I think that students should NOT be graded based on behavior since some students with behavior problems can have real potential but if their grade gets crushed because they act out then their chances of going to college and doing what they are passionate about are lowered by a pretty big percentage. Also, it is most likely the teachers fault as well since it is highly unusual that a student will lash out with no instagation.
I think children should be graded on behaviour because in the real world, it isn't just grades that will get you through but how you treat others, and how behave around them. When a teacher notices a child is having problems with school, the teacher does their best to help the student succeed. So if a child has behaviour issues, the teacher will thy their best to help the student out, or at least get the student to control himself a bit more. In doing so, it is giving both sides of education (teachers and students) a challenge.
And I do see your point there but that is what guidance counselors are for. Students should recieve an academic grade for their school work. It makes no sense what so ever to give a student a grade based on their behavior. Instead of pentalizing them for being bad we should reward them for being good and lowering their grade because they have behavior problems is Just unacceptable. Students like that need to talk to a guidance conselor for help.

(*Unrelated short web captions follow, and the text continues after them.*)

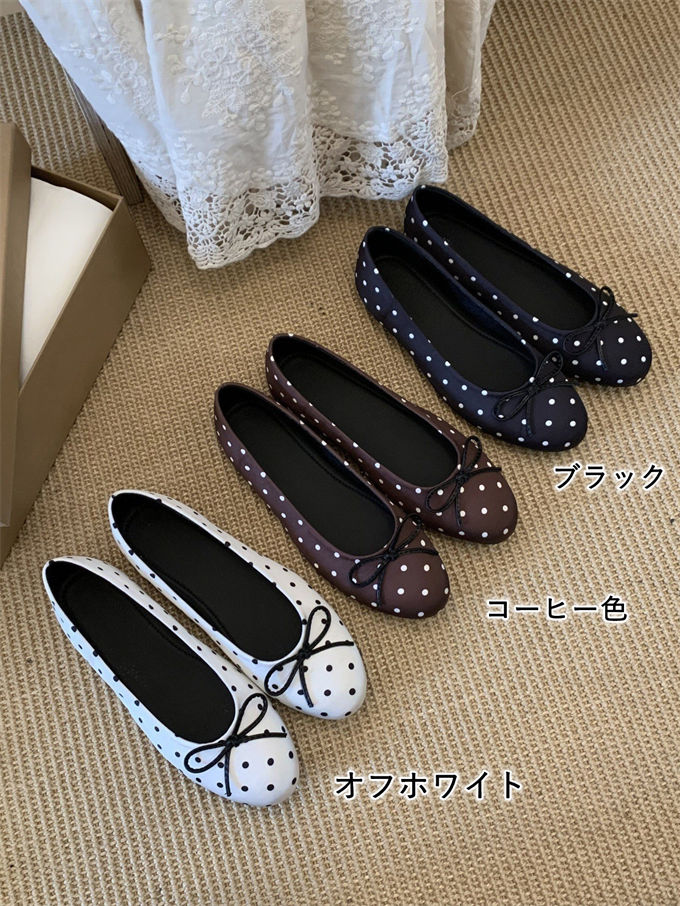 パンプス ぺたんこ レディース バレエシューズ フラットパンプス 水玉柄 リボン 歩...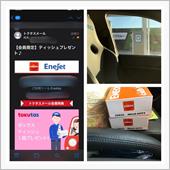 エネオス。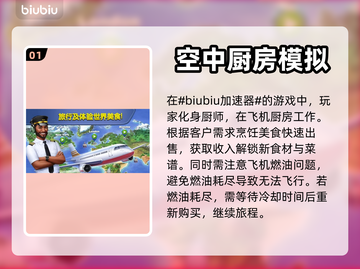 飞机大厨掉线？用这加速器⚡稳如泰山！截图2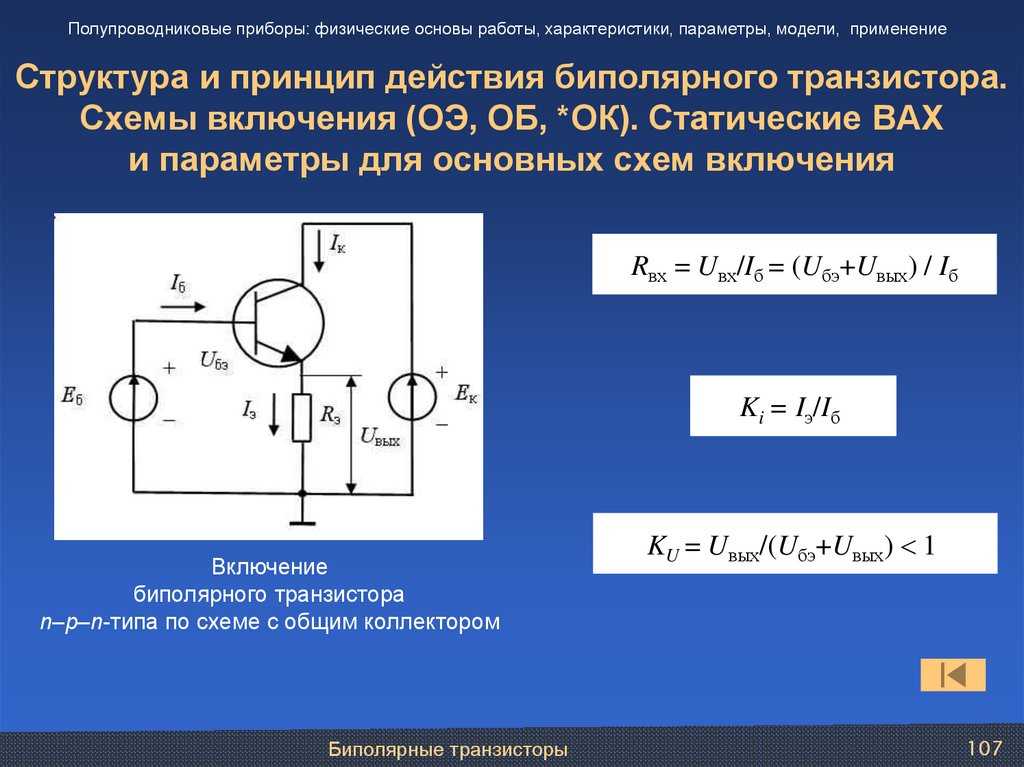Что такое биполярный транзистор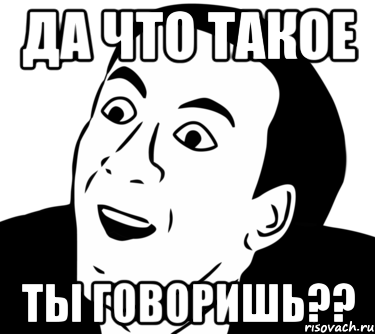 да что такое ты говоришь??, Мем  Да ладно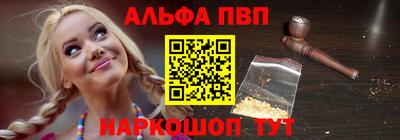 гидропоника Вязники
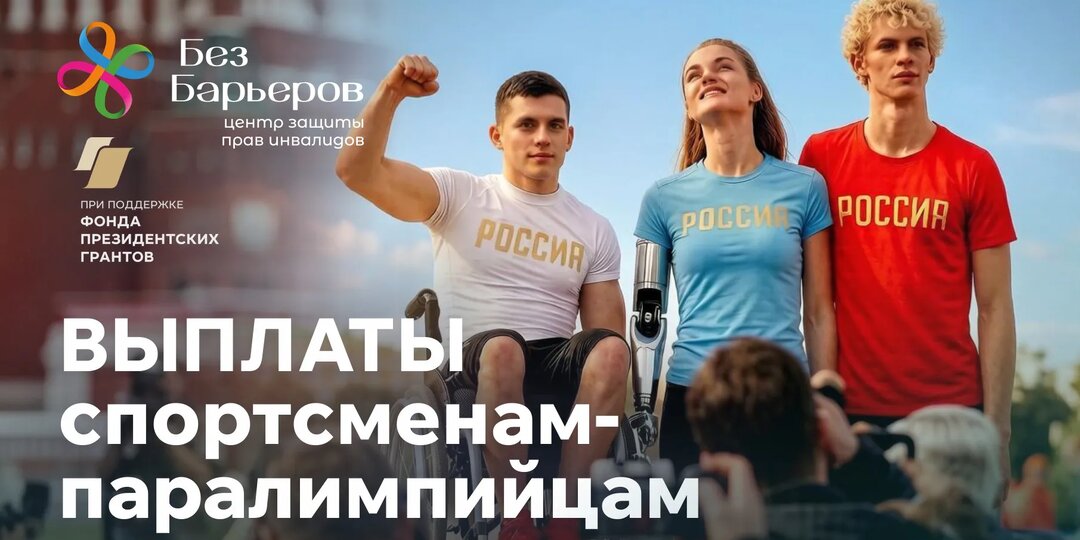 Выплаты спортсменам-паралимпийцам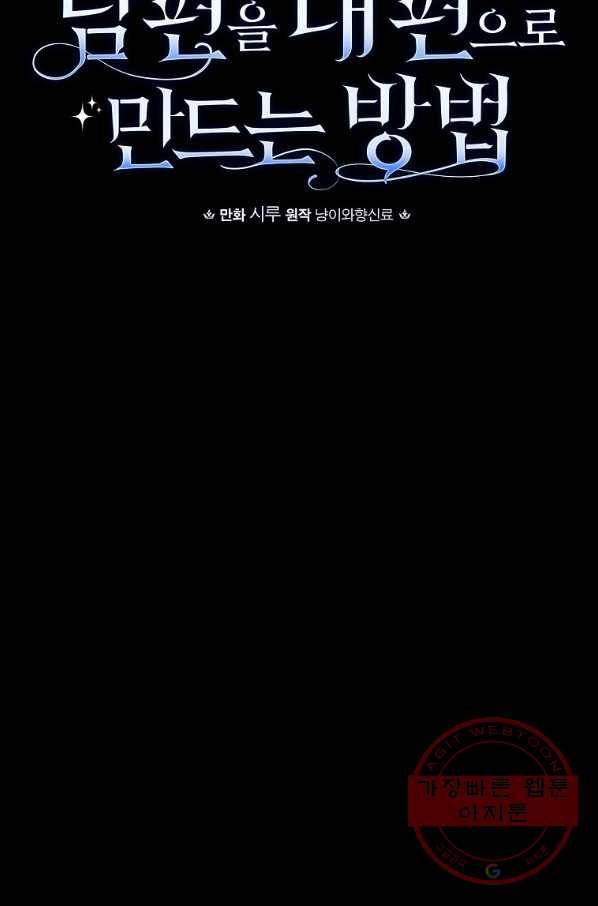 남편을 내 편으로 만드는 방법 21화 14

Great point about the guidance councillors. However most student's keep to themselves, they are to worried to share their problems with others if they had the choice. But if they were graded on behaviour, they would try harder, and the teachers would help them out. Because of this, they may have trouble in their lives just because when they were students they were to scared to go to the guidance councillor. Now they don't have a choice, they will be helped in a polite friendly way, without having to come clean with their emotions. This way they are not scared, and they are still improving their behaviour.
Students may be scared, but forcing them and putting even more pressure on them to do better will not solve anything. Its just another way of trying to control them and morph them into "perfect children" when in reality no one is perfect and we need to understand that. Everyone lashes out from time to time and punishing them for it will get them even more mad at you then they were before. Its a vicious cycle.